The US agriculture industry is reeling from increased competition from overseas countries like Brazil and now the administration is throwing a trade war into the mix.  Farmers are perplexed as to how to navigate these new trade waters.

Source: US Department of Agriculture, The Wall Street Journal – 4/2/18

The US agriculture industry is one of the bright spots in US exports accounting for $140.5 billion in exports for 2017 according to the US Department of Agriculture.  China receives about $22 billion of US exports last year in pork, and meat products.  While the $3 billion in tariffs is not large it maybe just an opening round in the economic shots being fired by the US and China.

While some industry analysts look at just the dollar amounts involved we see a very disturbing trend in the tenor of the conduct of this trade conflict.  This administration has distinguished itself by being bullying, intimidating, impulsive, vengeful and unpredictable – not good traits for a positive trade negotiation outcome.

Next Steps:

First, we need to understand how corporations, suppliers and customers respond to political uncertainty.  Corporations either buyer or seller are seeking certainty around first of all selling their products and second at the highest price.  Second, when our government starts picking winners and losers in the US economy and linking unconnected segments like sacrificing US agriculture for intellectual property theft by China from US high technology companies – then any economic shot is fair game.  Just the threat of tariffs on certain goods is enough to cause customers, in this case Chinese buyers of US agriculture goods to find other lower cost suppliers.  Once these buyers discover new suppliers with lower prices and similar quality they are likely not to switch back to US suppliers.  Sales for US agriculture companies are likely to drop as a result.

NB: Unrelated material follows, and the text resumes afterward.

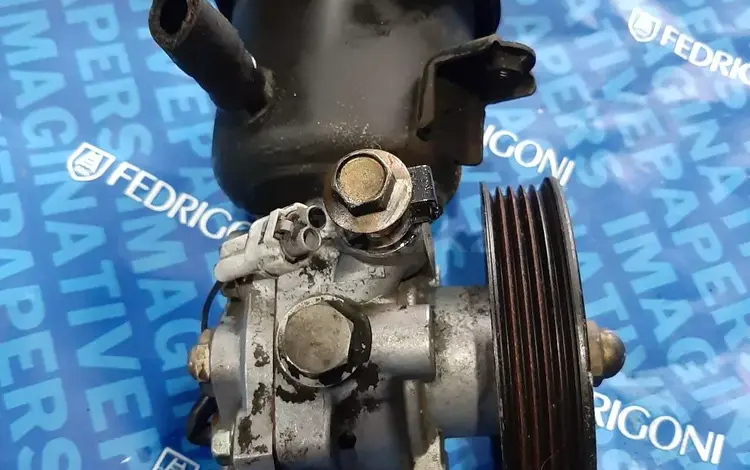 Насос ГУР на Субару с 91-99 г. за 30 000 тг. в Алматы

We have said in our Insight Byte of March 6th that starting a trade war linking disconnected parts of the economy, not using international bodies like the World Trade Organization will just lead to lose – lose economics for global corporations and consumers.  Lost jobs will result, economic recession or depression will spiral downward and it will take years to recover.  Sound, research based trade policies based on win-win partnerships are the only way to turn this situation around.  This administration has opened an economic Pandora’s box that it will not be able to close.